Listed records Start Marker

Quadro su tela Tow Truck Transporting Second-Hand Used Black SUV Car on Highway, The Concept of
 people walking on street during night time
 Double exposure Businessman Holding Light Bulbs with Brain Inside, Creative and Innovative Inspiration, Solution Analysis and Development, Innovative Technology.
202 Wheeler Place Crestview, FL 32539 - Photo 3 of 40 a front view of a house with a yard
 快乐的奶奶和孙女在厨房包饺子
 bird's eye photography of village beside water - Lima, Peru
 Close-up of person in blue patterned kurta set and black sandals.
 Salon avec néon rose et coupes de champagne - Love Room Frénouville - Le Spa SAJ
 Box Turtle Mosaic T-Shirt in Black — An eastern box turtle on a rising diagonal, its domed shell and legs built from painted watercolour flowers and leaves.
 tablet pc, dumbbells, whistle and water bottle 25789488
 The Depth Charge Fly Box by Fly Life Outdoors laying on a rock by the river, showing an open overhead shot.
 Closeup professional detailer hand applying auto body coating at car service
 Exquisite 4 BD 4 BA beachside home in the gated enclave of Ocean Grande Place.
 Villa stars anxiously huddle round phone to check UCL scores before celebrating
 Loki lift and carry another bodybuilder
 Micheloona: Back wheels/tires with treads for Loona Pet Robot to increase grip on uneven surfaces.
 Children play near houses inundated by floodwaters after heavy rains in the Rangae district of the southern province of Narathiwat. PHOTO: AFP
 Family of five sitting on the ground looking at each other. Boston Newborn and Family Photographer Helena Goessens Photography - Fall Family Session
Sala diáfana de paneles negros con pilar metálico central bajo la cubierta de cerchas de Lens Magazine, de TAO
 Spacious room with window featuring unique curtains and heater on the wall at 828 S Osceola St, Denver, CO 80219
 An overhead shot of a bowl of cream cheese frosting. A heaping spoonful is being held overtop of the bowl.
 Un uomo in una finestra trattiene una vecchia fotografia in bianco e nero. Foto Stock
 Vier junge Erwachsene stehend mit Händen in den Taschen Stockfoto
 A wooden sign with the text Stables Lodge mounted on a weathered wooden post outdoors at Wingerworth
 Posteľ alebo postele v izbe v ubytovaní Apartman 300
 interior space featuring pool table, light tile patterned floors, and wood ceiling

Listed records End Marker

• _Exercise requirements_: Word for word, restate the lines of the data above that fall between the line holding "202 Wheeler Place" and the line holding "Salon avec néon", inclusive, and no other lines.

• _Final answer_:
202 Wheeler Place Crestview, FL 32539 - Photo 3 of 40 a front view of a house with a yard
 快乐的奶奶和孙女在厨房包饺子
 bird's eye photography of village beside water - Lima, Peru
 Close-up of person in blue patterned kurta set and black sandals.
 Salon avec néon rose et coupes de champagne - Love Room Frénouville - Le Spa SAJ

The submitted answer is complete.